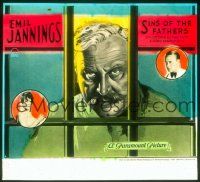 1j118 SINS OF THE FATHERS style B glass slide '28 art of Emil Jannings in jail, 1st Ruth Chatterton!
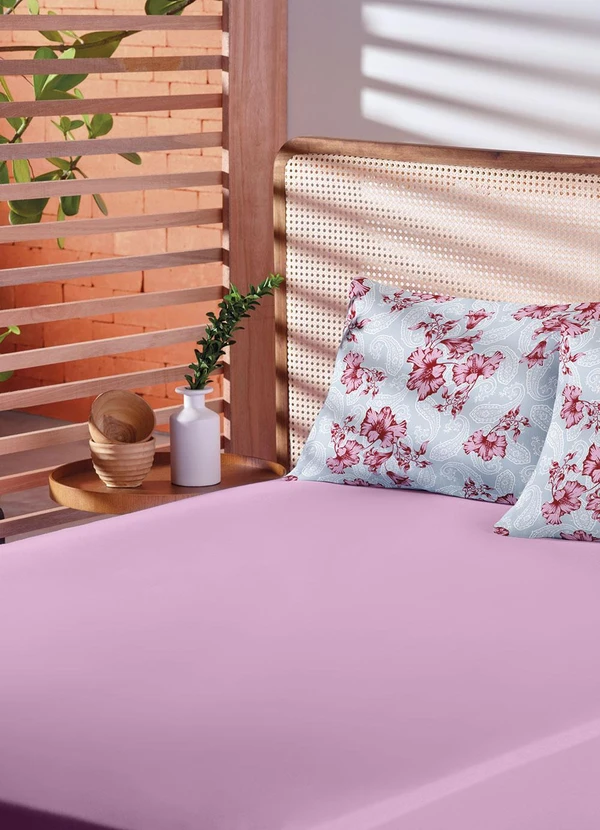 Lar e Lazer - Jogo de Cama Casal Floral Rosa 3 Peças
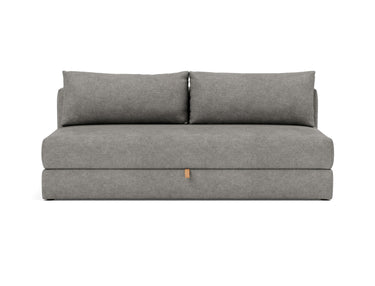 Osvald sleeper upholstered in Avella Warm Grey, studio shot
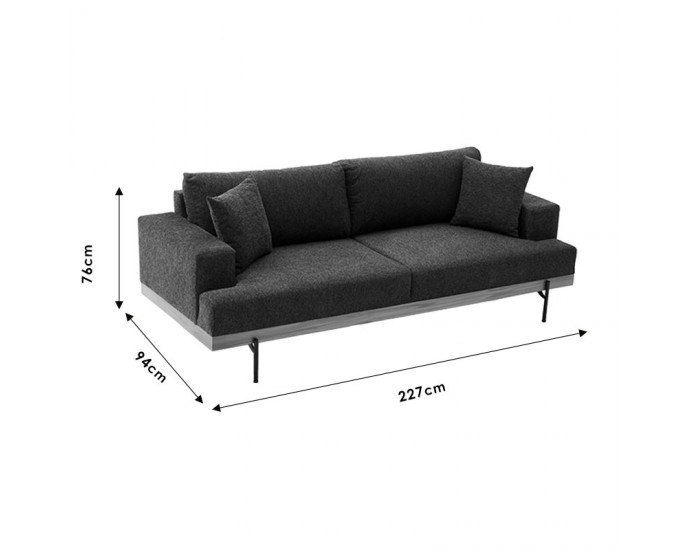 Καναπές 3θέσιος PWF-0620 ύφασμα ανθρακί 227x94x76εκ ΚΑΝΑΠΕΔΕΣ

[WORK ITEM]
In the copy, only the lines from the one holding "Osvald sleeper upholstered" through the end of the listing above should appear, retyped exactly, both ends included, with no pictures.

[ANSWER BOX]
 Osvald sleeper upholstered in Avella Warm Grey, studio shot
 Καναπές 3θέσιος PWF-0620 ύφασμα ανθρακί 227x94x76εκ ΚΑΝΑΠΕΔΕΣ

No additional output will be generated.